China Hongqiao Group announced yesterday the receipt of a letter detailing the conditions under which it may be allowed to resume trading on the Hong Kong Stock Exchange.
The world’s largest aluminium company published a notice telling investors that the company was advised that it may resume offering shares on the HKEX if the following trio of conditions were met:
- Addressing the issues raised by its auditors earlier this year and by short sellers Emerson Analytics,
- Publishing all outstanding financial results, and addressing any audit qualifications raised in the results, and
- Informing the market of “all material information.”
Hongqiao went on to indicate that HKEX may change those conditions or add new conditions “if the situation changes.”
The firm indicated that it is working toward complying with those conditions at the present time.
China Hongqiao, which is headed up by controversial businessman Zhang Shiping, surpassed UC Rusal as the top aluminium producer on Earth in 2015. Hongqiao’s current difficulties arose in November, when Emerson Analytics alleged that the firm massively inflated its profits by hiding US$3 billion in costs.
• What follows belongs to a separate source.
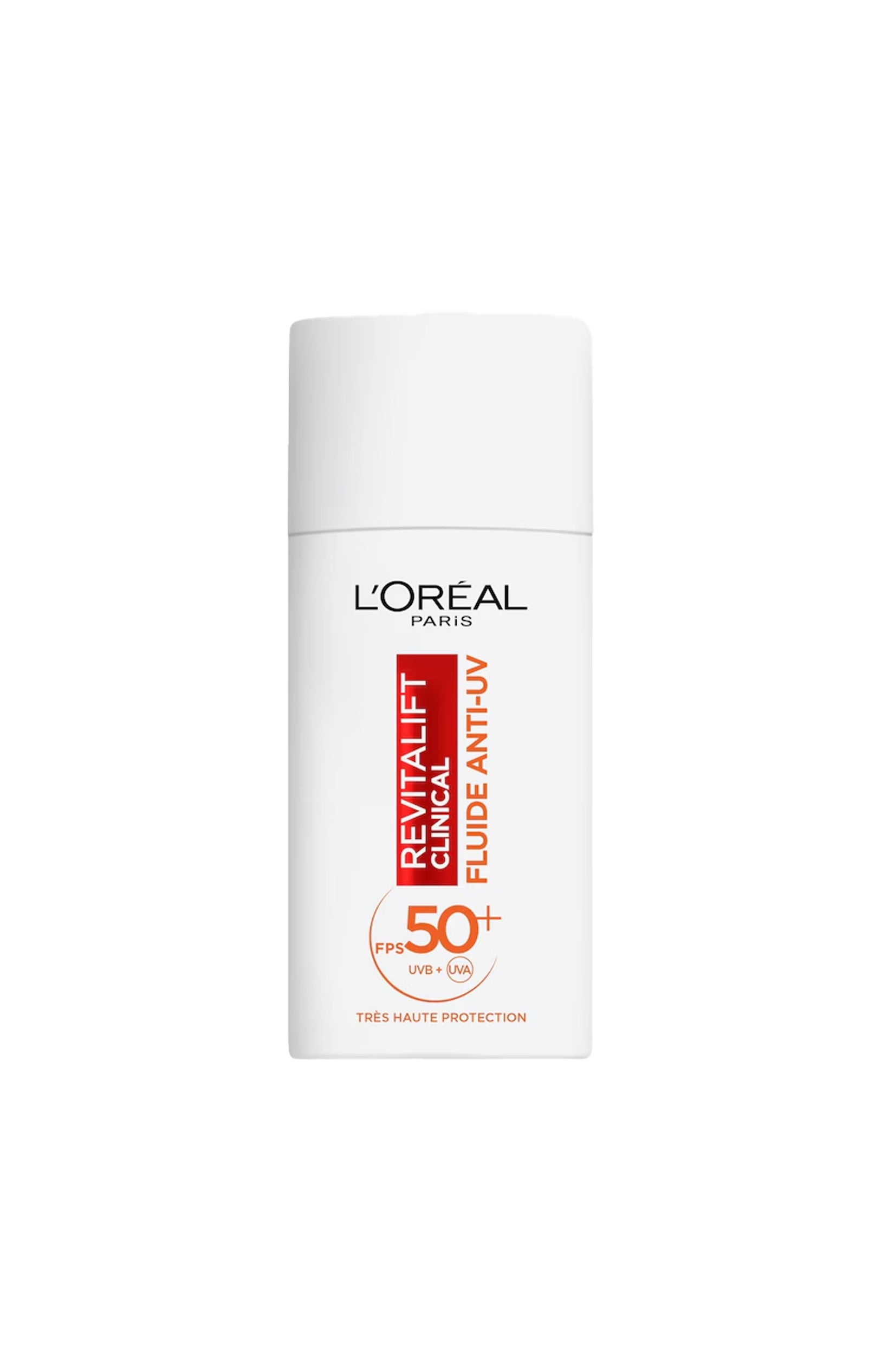 Crème solaire SPF 50+ - Vitamine C - Visage - 50 ml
The short sellers say Hongqiao is 40% as valuable as its books show at best. Though Hongqiao representatives denied the charges early and often, investors apparently remained unconvinced, as shares dropped precipitously upon the release of the second report in early March, sending stock prices down by over eight percent prior to Hongqiao’s request for suspension of trading. Shares in the company have not traded since the HKEX granted the suspension request.